**Required work**
I would like the lines below, from the one with "Record your prediction" through the one with "Hey everyone, I", copied exactly and without any pictures.

··········

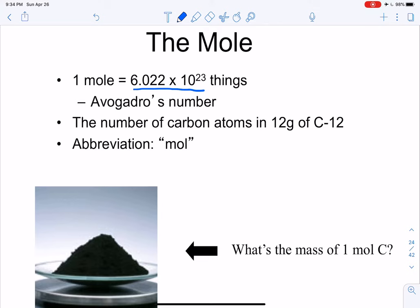So if we have a dozen carbon atoms, we have 12 carbon atoms. A gross of carbon atoms is 144 carbon atoms. A mole of carbon atoms is 6.022 times 10 to the 23rd carbon atoms. This is known as Avogadro's number. It's also the number of carbon atoms in 12 grams of carbon — so if you have 12 grams of carbon, you have a mole of carbon.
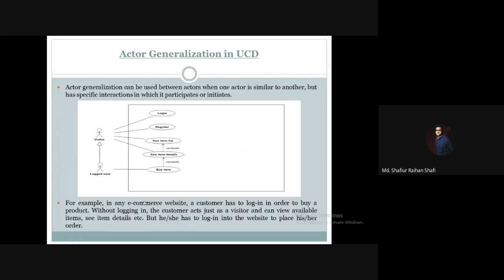For example, in any e-commerce website, a customer has to log in in order to buy a product. Without logging in, the customer acts just as a visitor and can view available items and see item details, but he or she has to log in to the website to place his or her order. So this is the e-commerce website perspective.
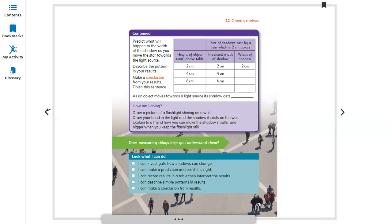Record your prediction — what do you think the width of the shadow will be — and then record the actual width of the shadow. The star is two centimeters across. Predict the width, then measure it at four centimeters height and six centimeters height. As the height increases — as the object moves toward the light source — the shadow gets bigger. As an object moves toward a light source, its shadow gets larger.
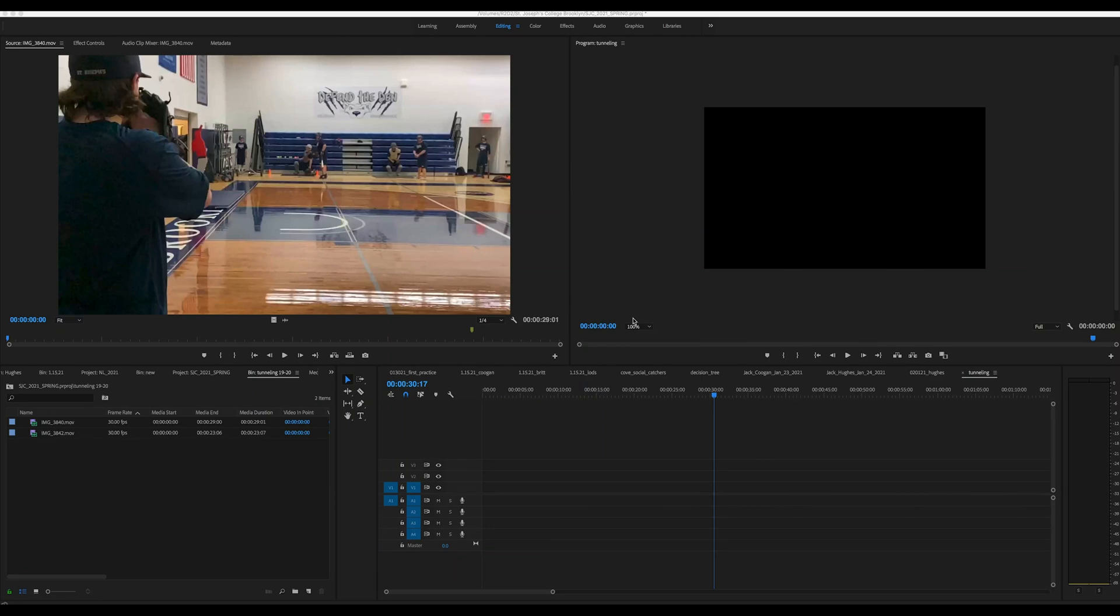Hey everyone, I want to do a quick tutorial on how to do pitch overlays similar to what you see on Pitching Ninja.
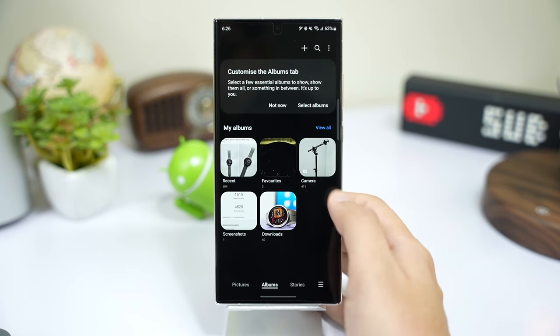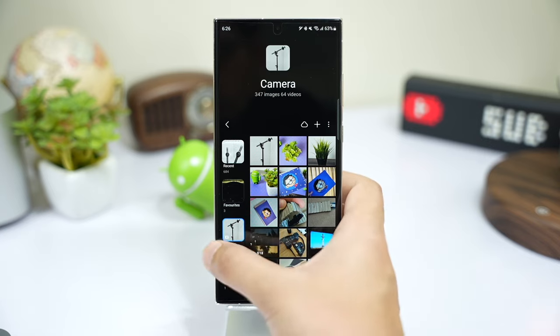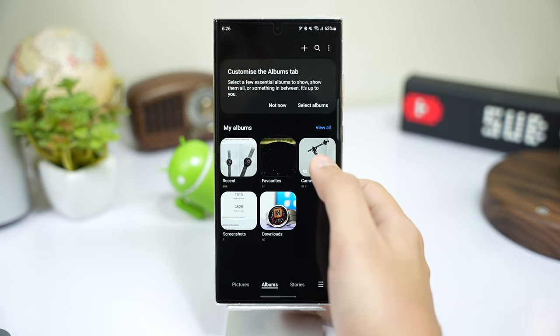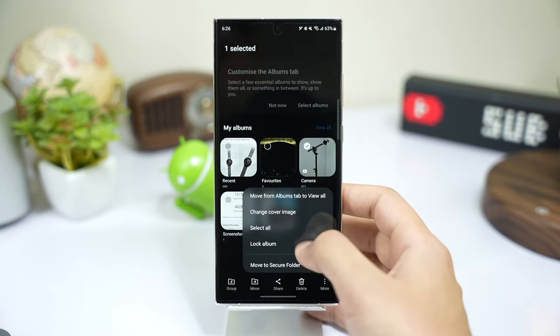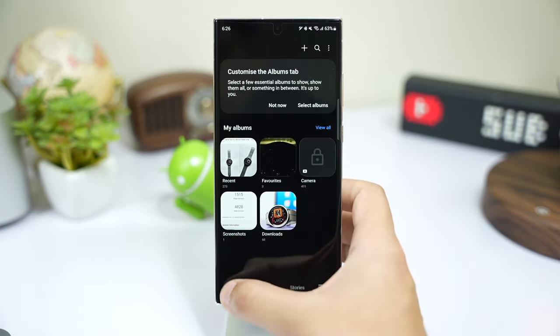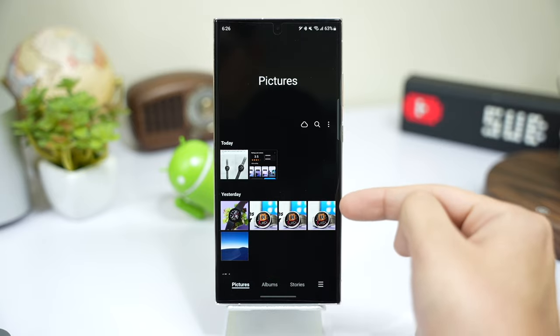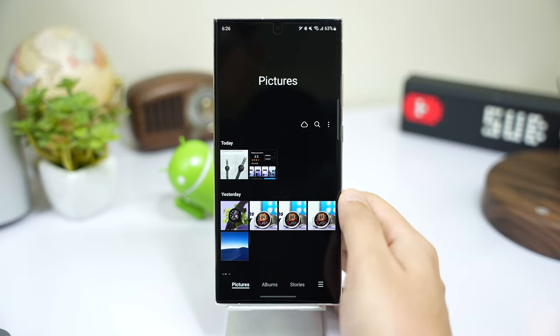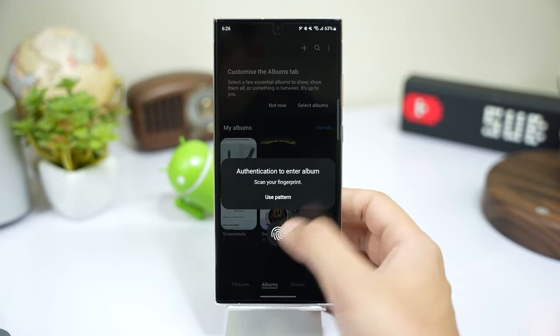For example, I want to hide all my camera images shown here. I'll just lock my camera album, and this way they won't be shown in my gallery app until I open this album using my fingerprint.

··········

**Result for this exercise**
Record your prediction — what do you think the width of the shadow will be — and then record the actual width of the shadow. The star is two centimeters across. Predict the width, then measure it at four centimeters height and six centimeters height. As the height increases — as the object moves toward the light source — the shadow gets bigger. As an object moves toward a light source, its shadow gets larger.
Hey everyone, I want to do a quick tutorial on how to do pitch overlays similar to what you see on Pitching Ninja.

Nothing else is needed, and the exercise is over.